Let's consider some examples to understand the value of a Data Lake. Tweets, images, voice and streaming data are unstructured as they are all in different formats, come from various sources and are different sizes. Regardless of how slow or fast, the information is ingested in a Data Lake, no matter its structure, it is designed to store and manage this information effectively.
Here are some formats for how information is stored in a Data Lake:
- Structured data, such as rows and columns from relational database tables (data organised in a predefined relationship).
- Semistructured data, like delimited flat text files and schema-embedded files. Examples are photo and video files containing meta tags related to the location and date. Still, the information within the file has no structure. So, this is considered semistructured data.
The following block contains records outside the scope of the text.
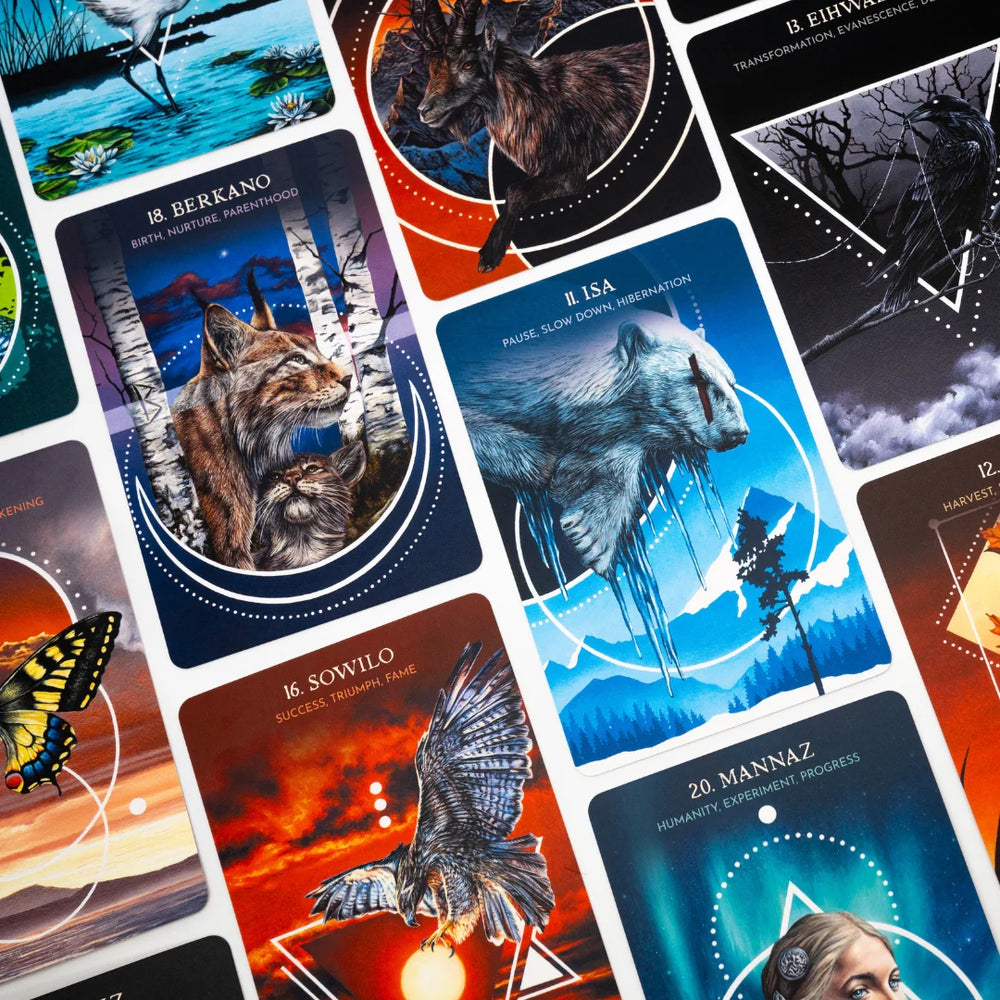 Animal Guide Rune Cards For Sale
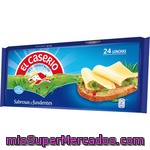 El Caserio Queso Fundido 24 Lonchas Envase 450 G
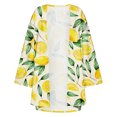 thumbnail image 5 of Nouveaux Hauts pour Femmes 2023 Mode Col Rond Grande Taille T-Shirt à Manches Longues Blouse Imprimée Automne Chandail en Molleton à Manches Longues pour Femmes, 5 of 5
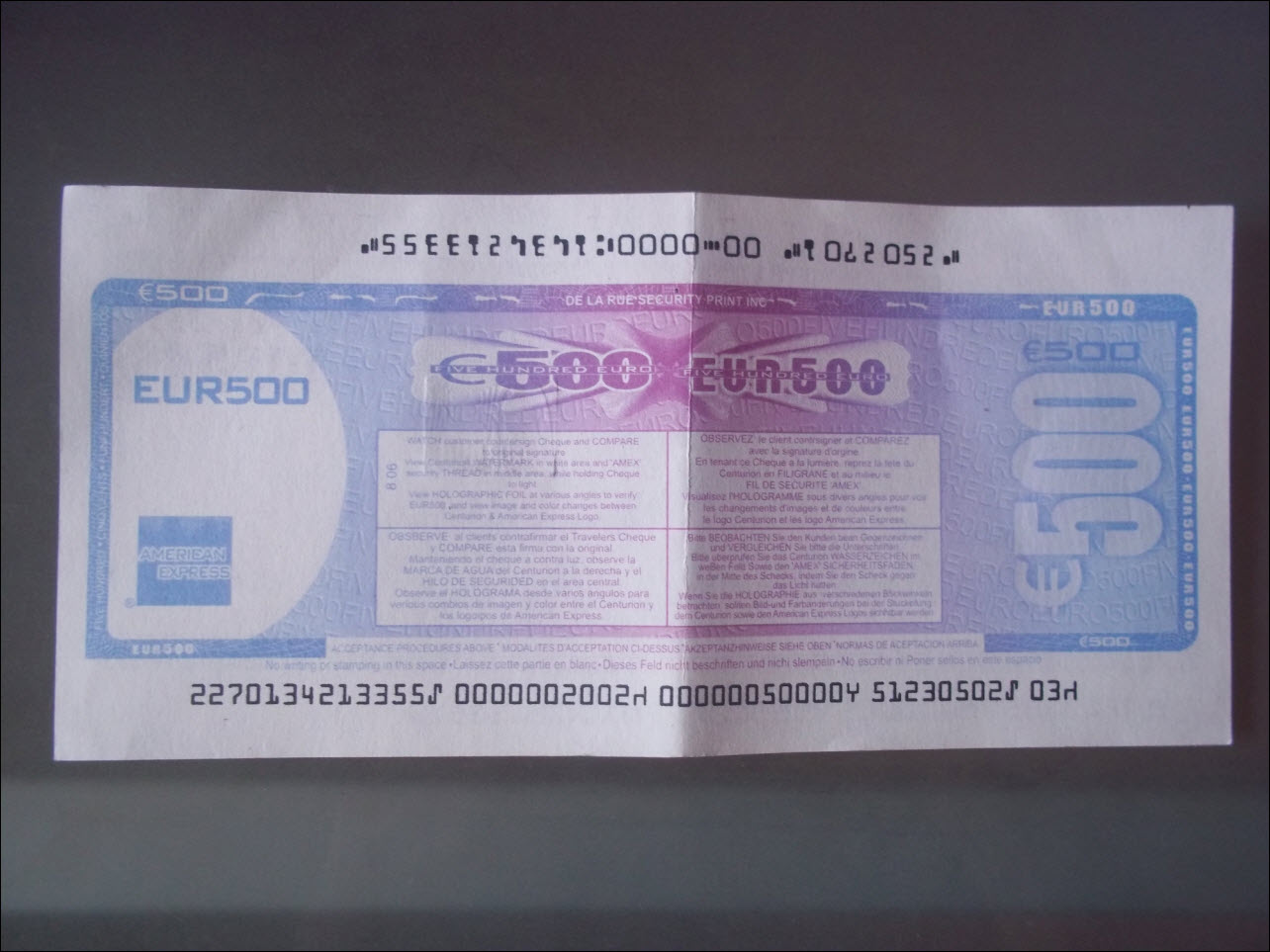 Xylibox Fake American Express Travelers Cheques Hsbc Cheque Traces Of Printer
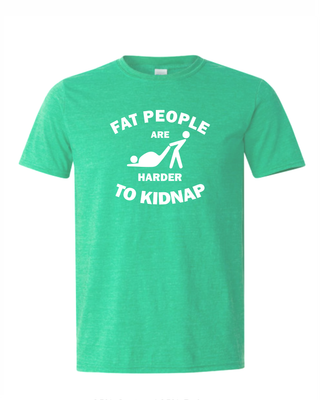 Custom &quot;Harder to Kidnap&quot; T-Shirt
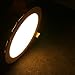 Lemonbest 12W Led Panel Light + LED Driver , Round Recessed Ceiling Downlight , Warm White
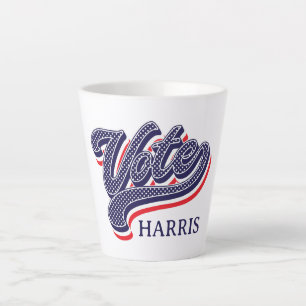 Tasse Latte Étoiles et tripes électorales personnalisées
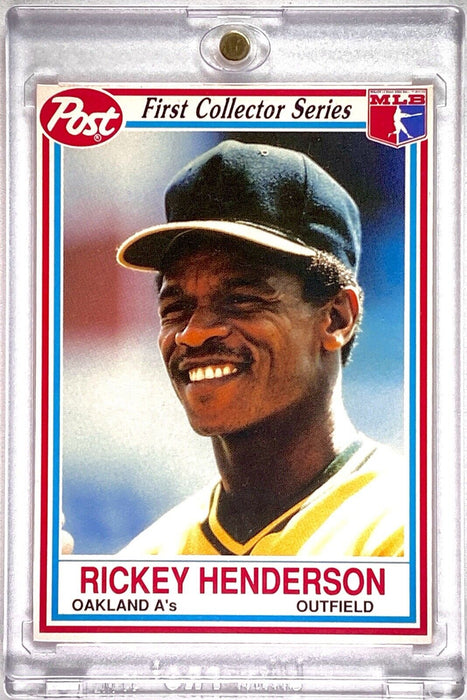 Rickey Henderson Spectacular Collector Portrait Card Near Mint Includes Case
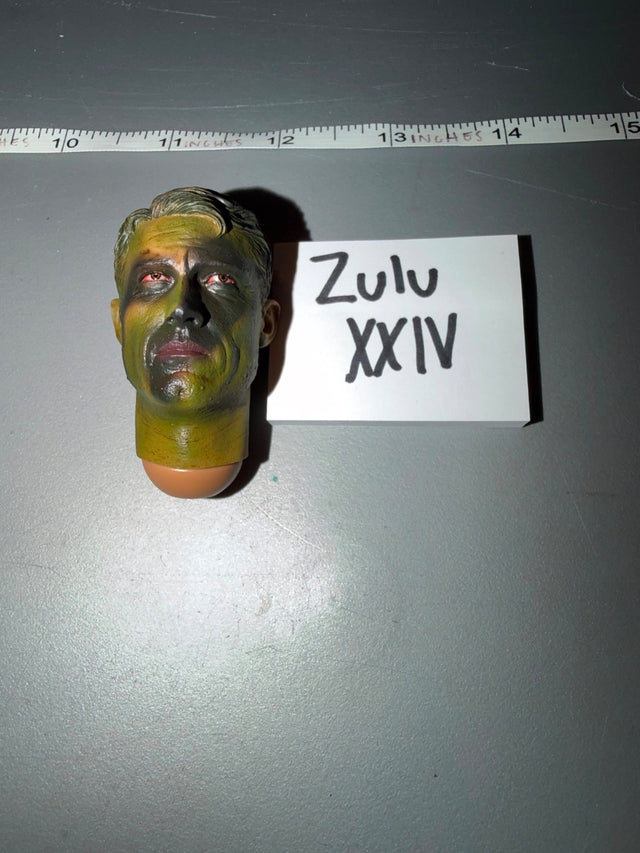 1/6 Scale Zombie Head Sculpt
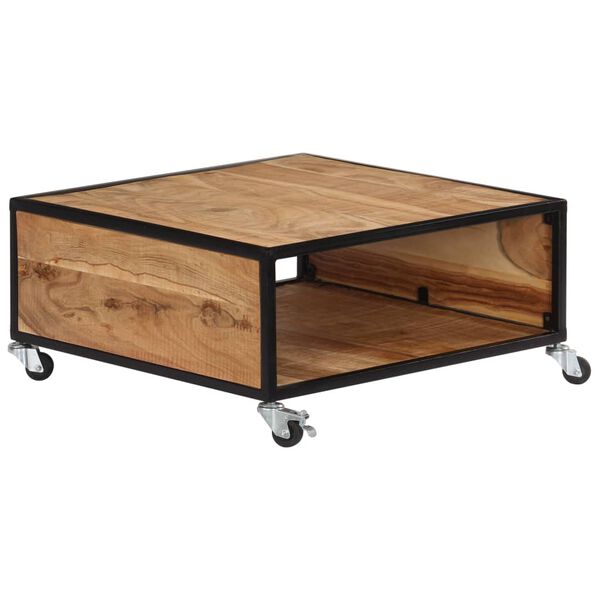 vidaXL Table basse 70x70x32 cm Bois solide d'acacia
- Unstructured data. The most abundant data available today is data that is not in a structured database format. Unstructured data can be human-generated or machine-generated and may appear in text form or in image, video or voice form. This type of data may come from social media, the Internet of Things, and other sources.
The Value of a Data Lake
A Data Lake is a storage repository that is accessed by a variety of tools and programs. It is open-standard, meaning that the data is accessible and readily usable by businesses, breaking down existing silos and enabling businesses to get the most out of their data. In addition, they can use various analytics services to process their data and scale storage and processing capacity over time. Here are just a few examples where Data Lakes have added value to a business:
Improved customer interactions
A Data Lake can help companies better understand their customers -from churn rates, intent, and value - by combining data from your CRM platform, social media analytics, and other sources.
Improve R&D innovation choices
A Data Lake can be used to design cutting-edge products and services in a more streamlined way. It allows the product design teams to validate and test their hypotheses efficiently. The rewards of this practice might include more effective products for the customer and less cost of bug fixing.
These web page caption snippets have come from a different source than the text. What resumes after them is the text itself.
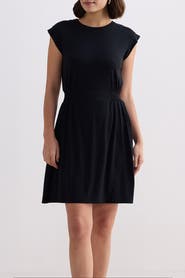 Reistor Short Dress With Smocking Side Detail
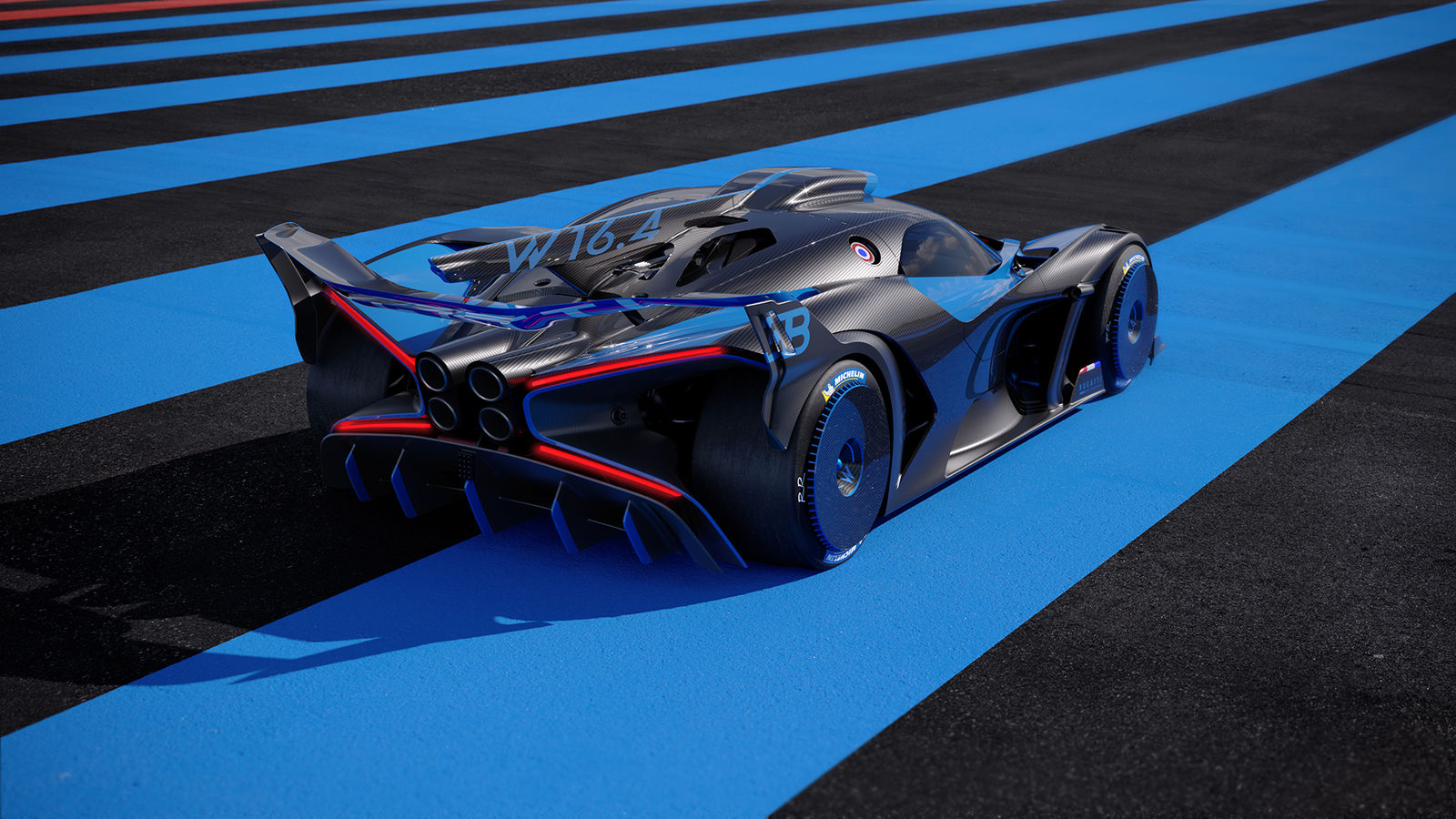 Whoah! Bugatti Bolide heeft 1850 pk en weegt 1240 kg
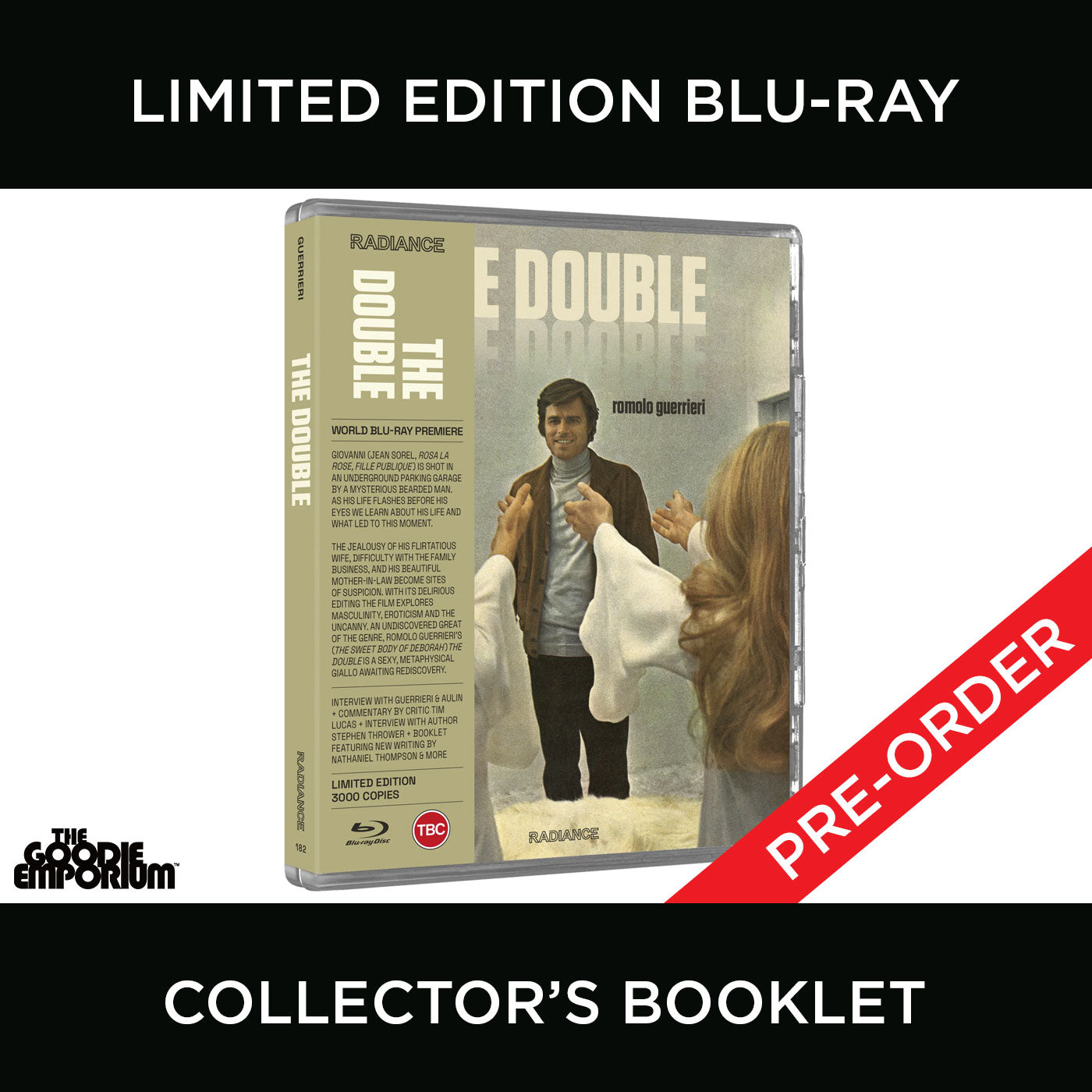 The Double Blu-ray 1971 Radiance Jean Sorel Ewa Aulin Romolo Guerrieri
Increase operational efficiencies
Companies in the Internet of Things (IoT) space can benefit from a Data Lake to demonstrate the value of such a system to increase operational efficiencies. Such companies collect vital manufacturing process data and real-time data from connected devices. A Data Lake makes it easy to store and run analytics on machine-generated IoT data and can help discover ways to reduce operational costs and increase quality.
Spark & Workhuman
Spark customer, Workhuman, is a cloud-based provider of human capital management solutions. The company has several products and integrates into many third-party applications and platforms. Available to internal and external users, Workhuman utilises a data platform to monitor and understand how these products are deployed and used. The data platform sources from Oracle, but data updating and error recovery problems exist. To address this problem, Spark optimised Workhuman's Data Lake.
Updating and migrating data in the current state occur daily. However, because the data updating happens only once daily and does not differentiate, the ability for Workhuman to receive and analyse accurate data takes far too long. Moreover, if there is an error, the process must restart from the beginning. Spark's goal is to update the migration process so that only new data migrates. The value this creates will reduce the time to access near real-time data, reducing the load on their system and subsequent migration process costs.
Additionally, Spark outlined and executed the strategy to add additional data sources to the existing Oracle ones, building a Data Lake that is accessible and usable for all Workhuman's data. Given the technical complexity, the result is a Data Lake that is easy to use, understand, modify and scale with the business needs.
Spark Senior Data Engineer, Joao Miranda, speaks fondly about the relationship between Spark and Workhuman,
"I'd say that they (Workhuman) are very understanding and adaptable, so it's easy to have a conversation with them and come to a consensus on any obstacle that might appear in the project. They are also very technically knowledgeable, so most of the technical solutions we come up with are often collaborative instead of just Spark coming up with something and getting it approved. Everyone we have direct contact with has been consistently helpful and made day-to-day work very easy."